=== Begin Enclosure ===
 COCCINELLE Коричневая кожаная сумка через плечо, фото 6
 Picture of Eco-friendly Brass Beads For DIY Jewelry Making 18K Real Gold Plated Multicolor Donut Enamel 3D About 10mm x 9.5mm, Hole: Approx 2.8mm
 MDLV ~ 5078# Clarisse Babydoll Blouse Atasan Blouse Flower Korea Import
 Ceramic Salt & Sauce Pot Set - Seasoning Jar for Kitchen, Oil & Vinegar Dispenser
=== End Enclosure ===
=== Begin Enclosure ===
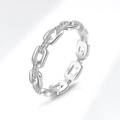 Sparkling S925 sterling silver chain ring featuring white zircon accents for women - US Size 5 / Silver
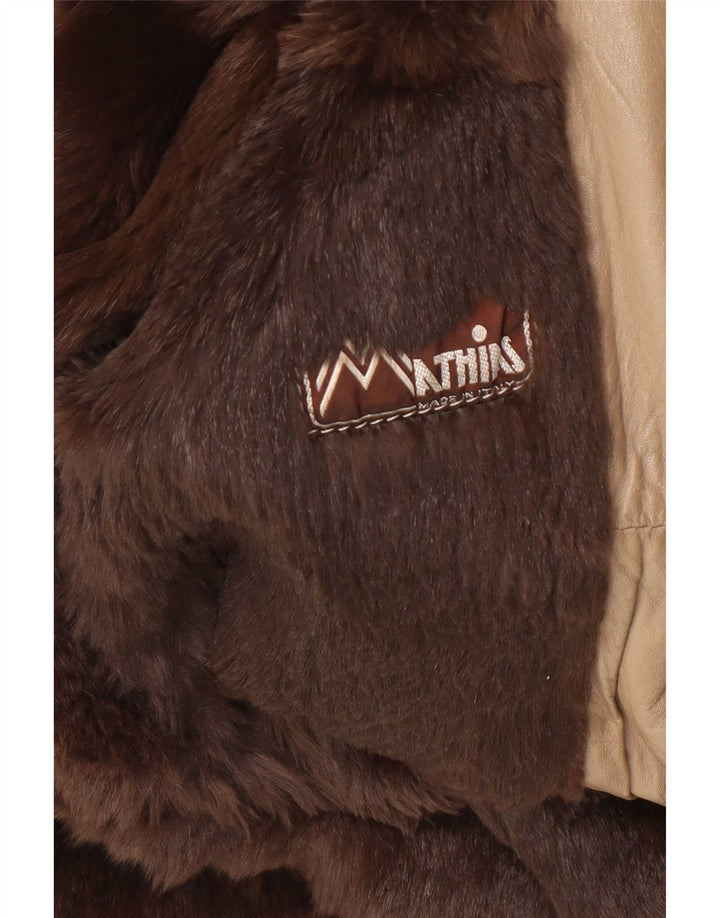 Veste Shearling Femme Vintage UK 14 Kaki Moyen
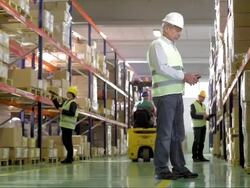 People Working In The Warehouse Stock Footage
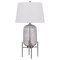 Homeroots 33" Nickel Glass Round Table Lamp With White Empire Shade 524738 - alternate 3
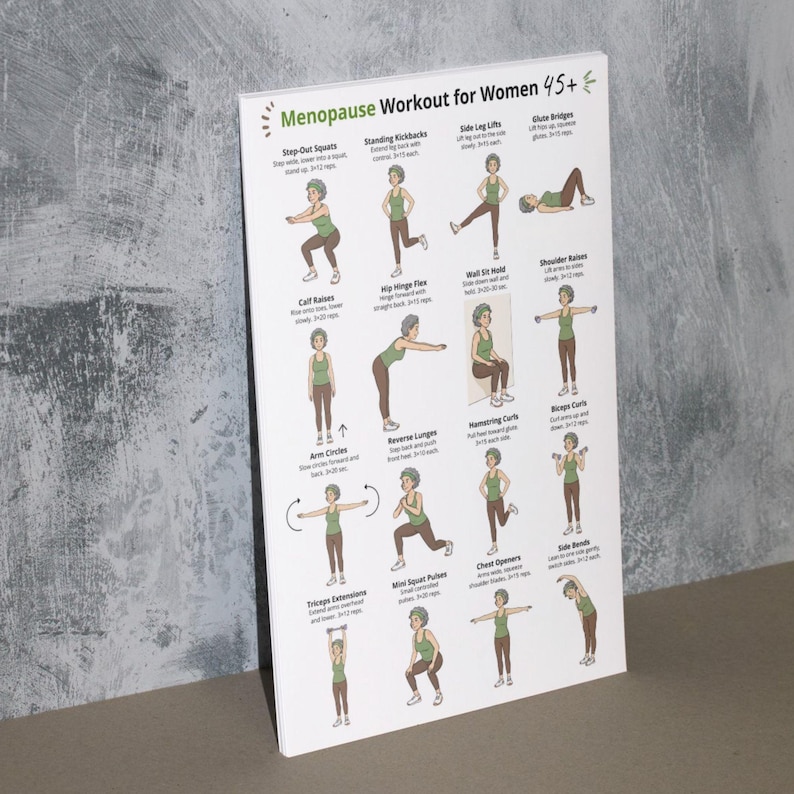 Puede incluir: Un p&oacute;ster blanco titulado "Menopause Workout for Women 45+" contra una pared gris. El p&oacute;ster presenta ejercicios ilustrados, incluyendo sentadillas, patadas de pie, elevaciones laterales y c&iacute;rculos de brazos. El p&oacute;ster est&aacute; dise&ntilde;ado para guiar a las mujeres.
=== End Enclosure ===
Copy exactly the stretch of data above from the line with "COCCINELLE Коричневая кожаная" through the line with "Ceramic Salt &", and omit all other lines.

 COCCINELLE Коричневая кожаная сумка через плечо, фото 6
 Picture of Eco-friendly Brass Beads For DIY Jewelry Making 18K Real Gold Plated Multicolor Donut Enamel 3D About 10mm x 9.5mm, Hole: Approx 2.8mm
 MDLV ~ 5078# Clarisse Babydoll Blouse Atasan Blouse Flower Korea Import
 Ceramic Salt & Sauce Pot Set - Seasoning Jar for Kitchen, Oil & Vinegar Dispenser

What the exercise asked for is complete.